=== Section Start ===

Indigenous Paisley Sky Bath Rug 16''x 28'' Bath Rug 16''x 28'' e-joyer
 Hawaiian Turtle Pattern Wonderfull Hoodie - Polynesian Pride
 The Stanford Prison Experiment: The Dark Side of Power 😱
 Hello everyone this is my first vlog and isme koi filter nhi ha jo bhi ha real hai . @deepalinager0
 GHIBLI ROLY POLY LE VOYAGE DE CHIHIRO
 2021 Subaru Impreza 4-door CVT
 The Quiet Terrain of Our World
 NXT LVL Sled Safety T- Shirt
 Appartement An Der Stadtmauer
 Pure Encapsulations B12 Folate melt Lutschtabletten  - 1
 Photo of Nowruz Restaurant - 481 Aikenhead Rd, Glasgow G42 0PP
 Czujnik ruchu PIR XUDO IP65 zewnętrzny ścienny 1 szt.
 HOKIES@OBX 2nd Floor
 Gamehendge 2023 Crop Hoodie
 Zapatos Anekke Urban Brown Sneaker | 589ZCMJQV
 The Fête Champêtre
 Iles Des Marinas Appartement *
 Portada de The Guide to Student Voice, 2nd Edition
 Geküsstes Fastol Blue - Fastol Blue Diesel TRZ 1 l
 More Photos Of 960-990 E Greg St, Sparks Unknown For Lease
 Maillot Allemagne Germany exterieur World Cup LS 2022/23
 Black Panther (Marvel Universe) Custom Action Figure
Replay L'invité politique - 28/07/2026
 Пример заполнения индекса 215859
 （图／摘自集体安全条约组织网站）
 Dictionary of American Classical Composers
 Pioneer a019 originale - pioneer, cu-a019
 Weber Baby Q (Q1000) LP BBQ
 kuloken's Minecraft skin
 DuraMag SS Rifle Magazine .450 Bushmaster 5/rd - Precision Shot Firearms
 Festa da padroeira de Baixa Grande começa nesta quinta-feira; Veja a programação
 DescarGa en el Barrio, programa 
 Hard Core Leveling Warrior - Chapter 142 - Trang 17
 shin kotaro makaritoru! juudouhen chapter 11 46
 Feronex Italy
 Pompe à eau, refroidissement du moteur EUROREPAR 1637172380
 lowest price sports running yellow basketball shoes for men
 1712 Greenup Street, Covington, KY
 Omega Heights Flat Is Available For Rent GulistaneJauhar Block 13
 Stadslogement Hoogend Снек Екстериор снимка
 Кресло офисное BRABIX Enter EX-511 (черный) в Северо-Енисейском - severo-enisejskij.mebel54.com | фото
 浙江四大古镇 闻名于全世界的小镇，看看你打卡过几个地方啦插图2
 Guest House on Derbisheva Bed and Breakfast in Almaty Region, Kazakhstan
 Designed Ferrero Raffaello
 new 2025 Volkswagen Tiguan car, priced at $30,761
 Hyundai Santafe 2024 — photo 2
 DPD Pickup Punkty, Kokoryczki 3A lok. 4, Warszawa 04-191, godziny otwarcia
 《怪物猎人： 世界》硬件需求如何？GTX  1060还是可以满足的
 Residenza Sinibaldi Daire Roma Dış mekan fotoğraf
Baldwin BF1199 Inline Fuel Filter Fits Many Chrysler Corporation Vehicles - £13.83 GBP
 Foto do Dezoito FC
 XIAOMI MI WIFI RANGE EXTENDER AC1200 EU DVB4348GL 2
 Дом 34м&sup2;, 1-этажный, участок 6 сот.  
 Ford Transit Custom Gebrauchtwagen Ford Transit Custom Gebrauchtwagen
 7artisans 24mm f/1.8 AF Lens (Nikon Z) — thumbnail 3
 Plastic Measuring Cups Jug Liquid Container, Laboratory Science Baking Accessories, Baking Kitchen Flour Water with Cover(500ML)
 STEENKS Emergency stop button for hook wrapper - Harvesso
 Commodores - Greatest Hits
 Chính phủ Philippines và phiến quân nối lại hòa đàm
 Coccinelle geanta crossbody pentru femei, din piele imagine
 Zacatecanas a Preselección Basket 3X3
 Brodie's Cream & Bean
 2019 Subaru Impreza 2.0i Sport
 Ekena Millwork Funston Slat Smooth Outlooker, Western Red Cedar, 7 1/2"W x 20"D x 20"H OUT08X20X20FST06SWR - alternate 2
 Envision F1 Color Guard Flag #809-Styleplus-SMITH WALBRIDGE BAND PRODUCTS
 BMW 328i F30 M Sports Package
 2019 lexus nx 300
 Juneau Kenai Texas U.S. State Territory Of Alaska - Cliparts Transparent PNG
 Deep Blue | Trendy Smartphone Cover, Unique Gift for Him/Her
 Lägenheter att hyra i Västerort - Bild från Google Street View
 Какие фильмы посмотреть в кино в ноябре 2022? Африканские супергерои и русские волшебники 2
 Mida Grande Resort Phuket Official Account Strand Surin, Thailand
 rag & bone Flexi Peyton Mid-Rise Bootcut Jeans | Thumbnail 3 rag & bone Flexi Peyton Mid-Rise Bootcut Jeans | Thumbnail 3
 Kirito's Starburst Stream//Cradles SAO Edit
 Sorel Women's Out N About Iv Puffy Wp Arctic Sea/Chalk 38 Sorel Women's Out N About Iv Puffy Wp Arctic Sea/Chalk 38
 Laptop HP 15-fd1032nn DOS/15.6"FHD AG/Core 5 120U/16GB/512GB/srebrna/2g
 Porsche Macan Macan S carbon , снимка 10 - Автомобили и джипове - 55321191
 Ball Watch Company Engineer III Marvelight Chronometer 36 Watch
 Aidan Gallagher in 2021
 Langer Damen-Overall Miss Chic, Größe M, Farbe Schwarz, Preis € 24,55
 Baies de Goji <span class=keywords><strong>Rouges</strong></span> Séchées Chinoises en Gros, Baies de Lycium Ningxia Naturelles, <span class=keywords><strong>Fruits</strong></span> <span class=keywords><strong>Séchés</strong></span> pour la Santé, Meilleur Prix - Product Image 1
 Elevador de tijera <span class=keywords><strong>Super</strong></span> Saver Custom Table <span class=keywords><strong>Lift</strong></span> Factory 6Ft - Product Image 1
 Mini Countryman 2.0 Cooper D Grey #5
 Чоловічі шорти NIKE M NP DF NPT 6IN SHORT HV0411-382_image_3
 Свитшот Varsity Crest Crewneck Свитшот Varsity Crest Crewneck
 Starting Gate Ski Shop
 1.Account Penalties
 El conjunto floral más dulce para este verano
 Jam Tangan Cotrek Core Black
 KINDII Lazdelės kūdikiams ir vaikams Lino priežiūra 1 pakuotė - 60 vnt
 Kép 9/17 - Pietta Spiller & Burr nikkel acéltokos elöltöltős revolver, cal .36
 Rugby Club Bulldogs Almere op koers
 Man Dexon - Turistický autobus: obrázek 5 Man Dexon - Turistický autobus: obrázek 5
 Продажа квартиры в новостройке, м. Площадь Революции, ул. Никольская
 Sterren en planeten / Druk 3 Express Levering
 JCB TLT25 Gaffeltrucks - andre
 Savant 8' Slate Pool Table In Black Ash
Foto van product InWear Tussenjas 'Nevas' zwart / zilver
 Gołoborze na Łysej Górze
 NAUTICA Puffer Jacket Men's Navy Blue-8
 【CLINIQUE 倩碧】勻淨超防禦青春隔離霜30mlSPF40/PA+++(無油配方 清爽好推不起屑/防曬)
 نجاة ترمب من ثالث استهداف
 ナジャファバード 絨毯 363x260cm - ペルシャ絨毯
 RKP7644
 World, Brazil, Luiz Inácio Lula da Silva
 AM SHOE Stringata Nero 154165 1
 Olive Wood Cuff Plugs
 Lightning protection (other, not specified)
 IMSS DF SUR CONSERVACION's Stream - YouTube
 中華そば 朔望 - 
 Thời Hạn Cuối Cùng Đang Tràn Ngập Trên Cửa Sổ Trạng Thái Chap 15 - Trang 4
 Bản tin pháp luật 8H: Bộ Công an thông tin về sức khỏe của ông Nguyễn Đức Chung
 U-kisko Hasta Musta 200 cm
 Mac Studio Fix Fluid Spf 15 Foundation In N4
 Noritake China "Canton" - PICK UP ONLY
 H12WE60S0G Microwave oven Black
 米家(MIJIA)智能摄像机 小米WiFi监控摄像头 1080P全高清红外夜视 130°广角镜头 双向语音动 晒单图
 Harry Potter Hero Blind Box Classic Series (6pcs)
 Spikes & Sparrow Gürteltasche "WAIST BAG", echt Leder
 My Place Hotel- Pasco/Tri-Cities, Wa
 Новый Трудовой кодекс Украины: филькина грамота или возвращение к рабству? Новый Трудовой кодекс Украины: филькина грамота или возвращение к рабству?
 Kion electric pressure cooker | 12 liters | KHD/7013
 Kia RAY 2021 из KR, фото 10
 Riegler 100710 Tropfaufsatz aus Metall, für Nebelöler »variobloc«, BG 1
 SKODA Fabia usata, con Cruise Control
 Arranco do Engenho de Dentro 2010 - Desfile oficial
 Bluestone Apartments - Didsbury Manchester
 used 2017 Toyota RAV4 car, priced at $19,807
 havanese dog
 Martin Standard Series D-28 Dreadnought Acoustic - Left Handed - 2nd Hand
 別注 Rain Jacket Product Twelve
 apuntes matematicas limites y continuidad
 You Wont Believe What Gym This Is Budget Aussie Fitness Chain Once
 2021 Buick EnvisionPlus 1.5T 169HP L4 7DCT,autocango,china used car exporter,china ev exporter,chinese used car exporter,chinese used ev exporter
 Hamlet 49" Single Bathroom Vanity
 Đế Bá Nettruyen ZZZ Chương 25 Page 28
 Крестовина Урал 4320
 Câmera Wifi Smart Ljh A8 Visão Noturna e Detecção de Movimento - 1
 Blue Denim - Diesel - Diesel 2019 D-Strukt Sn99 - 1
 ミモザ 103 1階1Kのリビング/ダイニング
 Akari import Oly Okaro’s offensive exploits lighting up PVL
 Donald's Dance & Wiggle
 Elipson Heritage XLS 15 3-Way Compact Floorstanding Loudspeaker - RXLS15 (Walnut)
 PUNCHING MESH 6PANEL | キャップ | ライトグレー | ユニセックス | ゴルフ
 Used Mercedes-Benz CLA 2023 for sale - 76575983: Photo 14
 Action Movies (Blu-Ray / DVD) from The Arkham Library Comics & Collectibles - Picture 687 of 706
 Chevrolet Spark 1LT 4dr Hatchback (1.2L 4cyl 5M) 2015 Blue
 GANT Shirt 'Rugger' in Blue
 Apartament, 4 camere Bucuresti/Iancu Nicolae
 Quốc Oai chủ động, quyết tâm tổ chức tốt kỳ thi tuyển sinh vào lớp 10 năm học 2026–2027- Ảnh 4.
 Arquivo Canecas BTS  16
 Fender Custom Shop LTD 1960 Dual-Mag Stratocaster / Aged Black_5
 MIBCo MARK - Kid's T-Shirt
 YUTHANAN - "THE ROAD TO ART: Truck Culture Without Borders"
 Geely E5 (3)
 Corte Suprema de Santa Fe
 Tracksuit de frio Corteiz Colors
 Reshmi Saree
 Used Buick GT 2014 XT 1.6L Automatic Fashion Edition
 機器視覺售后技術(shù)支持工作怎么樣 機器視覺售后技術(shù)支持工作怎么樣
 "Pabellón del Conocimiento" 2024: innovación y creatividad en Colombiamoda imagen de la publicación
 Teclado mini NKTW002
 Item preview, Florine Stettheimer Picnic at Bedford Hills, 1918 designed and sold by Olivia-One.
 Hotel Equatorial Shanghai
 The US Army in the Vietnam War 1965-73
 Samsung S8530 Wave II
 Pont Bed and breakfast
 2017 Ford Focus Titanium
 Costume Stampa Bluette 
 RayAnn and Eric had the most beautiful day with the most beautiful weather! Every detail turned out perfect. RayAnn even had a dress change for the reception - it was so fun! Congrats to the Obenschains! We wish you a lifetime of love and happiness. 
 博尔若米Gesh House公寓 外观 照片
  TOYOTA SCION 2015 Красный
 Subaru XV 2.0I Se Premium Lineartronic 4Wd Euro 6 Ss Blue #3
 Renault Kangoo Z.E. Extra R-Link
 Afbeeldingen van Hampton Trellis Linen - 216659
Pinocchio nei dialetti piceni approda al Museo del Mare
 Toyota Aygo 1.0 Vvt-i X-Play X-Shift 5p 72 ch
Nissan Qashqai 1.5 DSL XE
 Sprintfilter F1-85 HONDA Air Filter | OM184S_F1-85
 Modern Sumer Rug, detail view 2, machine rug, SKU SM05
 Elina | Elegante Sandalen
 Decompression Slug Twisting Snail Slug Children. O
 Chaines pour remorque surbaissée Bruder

=== Section End ===

All lines from the one that contains "Modern Sumer Rug, detail" through the end of the material are to be quoted exactly, with both ends included.

#### Answer below
 Modern Sumer Rug, detail view 2, machine rug, SKU SM05
 Elina | Elegante Sandalen
 Decompression Slug Twisting Snail Slug Children. O
 Chaines pour remorque surbaissée Bruder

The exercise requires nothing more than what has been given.